Un processus qui s'est accéléré pendant les Trente Glorieuses
"Les changements se sont effectués essentiellement aux XIXe et XXe siècles, quand beaucoup de races ont été fabriquées, souvent localement, en fonction des régions : le porc de Gascogne, la poule de Marans, etc. Et au lendemain de la guerre, dans les Trente Glorieuses, on a voulu surproduire. On a oublié les animaux dits “rustiques”, les animaux des terroirs, pour n’avoir que des animaux qui produisent davantage. Par exemple, aujourd’hui il ne reste plus que trois ou quatre races de porcs utilisées dans les élevages, contre pas loin d’une trentaine de races à l’origine."

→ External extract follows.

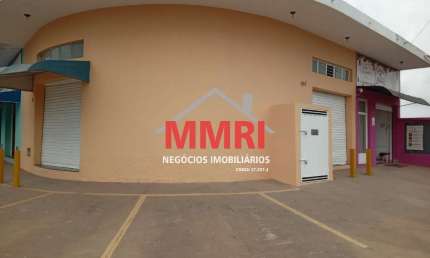 Salão comercial de 90,00 m² para locação em Araçoiaba da Serra-SP, no bairro Maria da Glória.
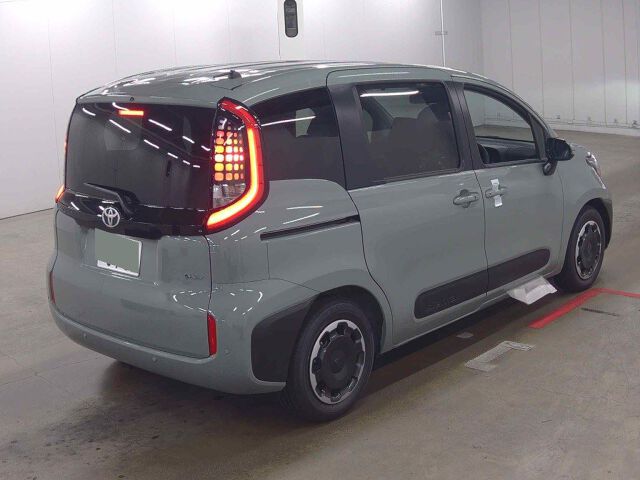 2026 Toyota Sienta Hybrid Z auction photo 5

De l'importance de la multiplicité des races
"Les races sont singulières à des régions, elles s'adaptent à la région en question. Par exemple vous avez des races montagnardes, vous avez des races qui vivent près des zones atlantiques, etc. Et on se rend compte notamment avec le dérèglement climatique que l’on a besoin de retrouver les races les plus rustiques pour qu’elles s’adaptent au dérèglement climatique et que l’on puisse utiliser les qualités fondamentales qu’elles avaient depuis toujours. On ne pourra pas s'exonérer de ce vivant, pour survivre nous en sommes dépendants. Je vais même plus loin, je considère que c’est un crime contre l’humanité que d’être indifférent à l’égard du déclin du vivant tant il est vrai que nous ne survivrons pas sans ce tissu de biodiversité dont nous dépendons".